Lektorich, a former teacher, says she designed her home with a backdrop of four shades of apricot because it's a warm, happy color and good for her personally. She used other colors too, picking up as a dominant color in one room what might have been an accent color in another.
And, with some help from her husband, she did all her own window and wall treatments. In the master bedroom she wanted something "extraordinary" to go with the four-poster bed she selected, and she combined two Victorian styles--bishop's sleeves, fabric draped over a rod and shaped to look like an old-fashioned sleeve, and puddling, where fabric is allowed to fall softly on the floor.
The wall in her guest bedroom looks like wallpaper, but it's not. Lektorich painted the wall in a light apricot color. Then she used a sea sponge dipped in paint to create a design on the wall in two other shades of apricot plus a green accent. In the family room she painted rough-hewn beams a light apricot to give a softer look and blend the vaulted ceiling with her antique furnishings and mementos.
Lektorich says it's hard to determine how much money she saved overall by doing the work herself. She does know, however, that it would have cost her about $25 an hour to hire a painter and that she saved almost $600 by making her own dining room window treatments.

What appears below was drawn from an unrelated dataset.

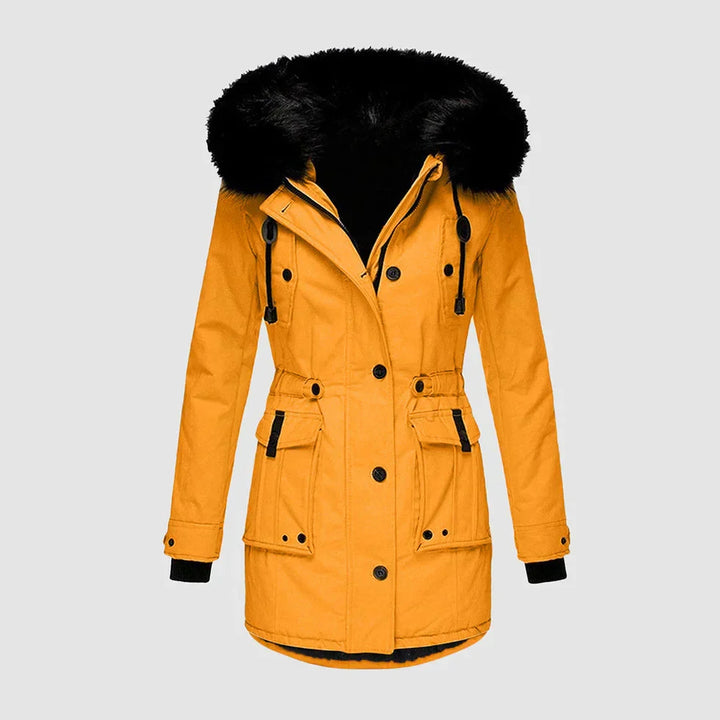 Wilhelmina faux fur hood waterproof parka in yellow, front view close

She had paid someone $558 to do the sewing on a similar treatment--with a cloud valance and side panels--in her living room, only to discover in the meantime through research that the job wasn't as hard as she thought.
Before Lektorich started all of this, however, she had a plan, a concept of the look she wanted in her home. This is crucial to attaining a custom look and staying within your budget.
Interior designer Elsie Hale says the most important step in designing a home interior is a plan "because if they have a plan, then they don't go about as haphazardly." Hale teaches "Get the Most Out of Your Decorating Dollar" and other design classes for Coastline Community College.
"They need to know what they like," Hale says. "Many people have no idea what they like, so I suggest that they start out on some sort of idea file." Home design publications can be expensive, however. You may want to make periodic trips to your local library to read current publications.
Hale also suggests that even budget do-it-yourselfers consider a two-or-three-hour consultation with an interior designer.